In this dream I am reading a book about the life of Aristotle.  There is a passage concerning the development of the theory of transmigration of souls in Greek thought.  In the passage, Plato is didactically questioning Aristotle.  Aristotle seems to be at a philosophical impasse, unable to progress.  Suddenly, Plato grabs a brass urn filled with water, and strikes Aristotle roughly on the head, and shouts, “Ask a question!”  Aristotle is stunned into a briefly altered state, and shouts out, “What is the transmigration of souls?”  By this time the dream's point of view has begun fluctuating between first person as a reader of past events, and first person as Aristotle himself.

Plato is delighted with Aristotle's question;  the phrase “transmigration of souls” is a new one in the philosophy of the time.  Together, teacher and pupil analyze the phrase etymologically.  They decide that “transmigration” must refer to a movement that is beyond migration.  It is a crossing of borders that is so emphatic that it causes the borders themselves to cease to exist.  The philosophers then turn to the word “soul.”  they are using the Greek word “psyche.”  In the dream, this word is consistently pronounced in its Greek form:  “soo-kay,” as opposed to the Anglicized “sy-kee,” because the Anglicized pronunciation is steeped in reductionistic associations of Western psychological thought (psychosis, psychosomatic, psychoanalysis, etc.).  Maintaining the Greek pronunciation holds the word in a more multidimensional, nearly trans-verbal connotation.

Still in the dream, I reflect on the tension between the Western and Eastern elements of the story.  Plato and Aristotle, the most quintessentially Western of philosophers, are engaged in a teaching method that is decidedly Zen:  Bringing the student to an impasse, then inducing satori through a sudden strike.  Whereas a Zen master would have struck with a staff, Aristotle uses an object more appropriate to his cultural milieu:  a brass urn.  Why filled with water?  Is that a Taoist reference?  And also the tension between the pronunciations of “psyche,”  which suggests a tension between the ancient, mystical roots of Greek culture (the world of the Delphic Oracle and the Pythagorean Rites), with the modernized, Anglo/Germanized philosophy that became its later development.
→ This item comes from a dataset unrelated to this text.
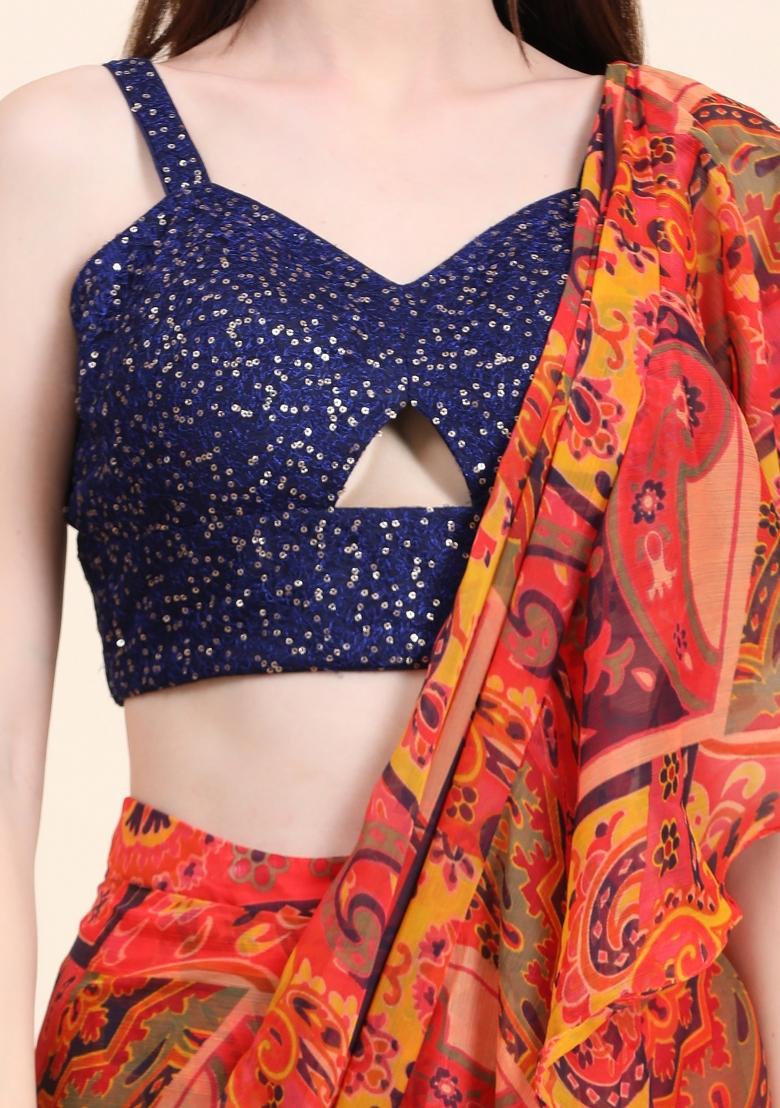 Multicolor Sequin Work Georgette Saree Set - Indya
Holding these questions and tensions, I awaken.

Discussing the dream with T., I find myself reminded of another dream I had about twenty-five years ago, in which I overcome fear to enter a haunted house.  In the haunted house I discover an ancient brass urn, richly engraved, and compelling in its appearance.  I reach out and touch the urn, and suddenly a huge ball of light and energy bursts forth from the urn and slams into the side of my head, entering me.  It is the spirit of another person.  I am not afraid, but elated and ecstatic.  A testimony to the power of this dream is that I have carried it with me for so long.  It is a memory as clear as any significant event in my waking life.

So.  The brass urn full of water is a vessel that contains a soul.  It is that with which Plato strikes Aristotle in the side of the head, just as I was struck before.  And the transmigration of souls is a movement so complete that it erases prior boundaries.